Chris büyük bir nezaketle önümde eğilip ellerimi tuttu ve nazik bir öpücük kondurdu. "Emriniz başımın üzerinedir Majesteleri." Sinir bozukluğuyla gülerek ondan elimi çektim.

"Soytarı." diye mırıldandım ve kalabalığa baktım tekrardan. Giderek azalmışlardı.

Kalabalık salondan tamamen çıktılar. Salonda yalnızca tek tük görevli bekçiler ve biz kalmıştık. Finch Ailesi...

Prenses Dione keskin bakışlarını bir an olsun üzerimden çekmiyordu. Dik bir şekilde bana bakarken ağır adımlarını bize çevirdi. Adımları karşımızda durdu ve Kral’a selam verdi. Kral gülerek ona karşılık verdiğinde Prenses Dione söze girdi.

"Kralım..." dedi ve göz ucuyla bana baktı. Endişeyle onu izliyordum. Ne diyeceğini kestirmeye çalışsam da yüz ifadesi düz olduğu için bu pek mümkün olamıyordu.

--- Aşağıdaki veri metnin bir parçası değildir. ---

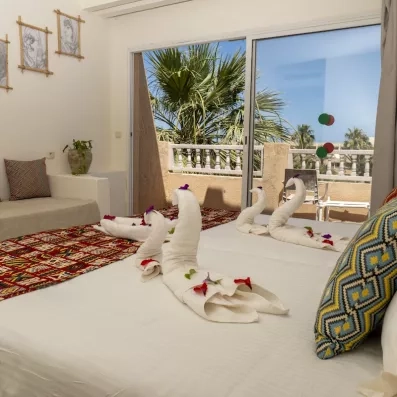 Chambre d’hôtel lumineuse avec lit décoré de serviettes en forme de cygnes, pétales de fleurs et vue sur palmiers depuis le balcon.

"Sevgili kardeşim..." dedi Kral merakla. "Önemli bir husus mu var yoksa?" Gözlerimi sanki bir şeyler yapabilirmiş gibi ağabeyim Caleb'a çevirdim. Oysa onun şu an hiçbir şey umurunda değildi. Öylece yeri seyrediyor ve Kral’ı bekliyordu. Prenses söze girdi.

"Prensesimiz-"

"Prenses Rosemarry hakkında düşüncelerinize kulak misafiri oldum sevgili halacığım." Kalbim yanımdan gelen ve Prenses Dione'un sözünü kesen Chris'le tekledi. İçimde tuttuğum nefesimi rahatça verirken bakışlarımı Chris'e çevirmeden Prenses Dione'a çevirdim. Prenses Dione şaşkın bakışlarını Chris'e çevirdi. O an Chris'e baktım. O da oldukça kendinden emin ve bilmiş bir edayla söze girdi. "Malum kız kardeşimde gördüğüm bazı değişiklikler var." dedi imayla. Prenses Dione yutkundu. Onunla birlikte ben de yutkundum. Chris acımadan devam etti. "Her şeyden haberdarım ve kız kardeşimin üzerinde görmüş olduğum bu değişikliği size borçluyuz." dedi ve ekledi. "Teşekkürlerimi iletmeliydim."

Sesindeki imalı tını Prenses Dione'un gözlerini titretti. Minnetle Chris'e döndüm. O ise dimdik Prenses Dione'a bakıyordu. Şu an öyle bir andı ki bütün saygı çerçevesini bir kenara bırakıp Chris'e sarılabilirdim.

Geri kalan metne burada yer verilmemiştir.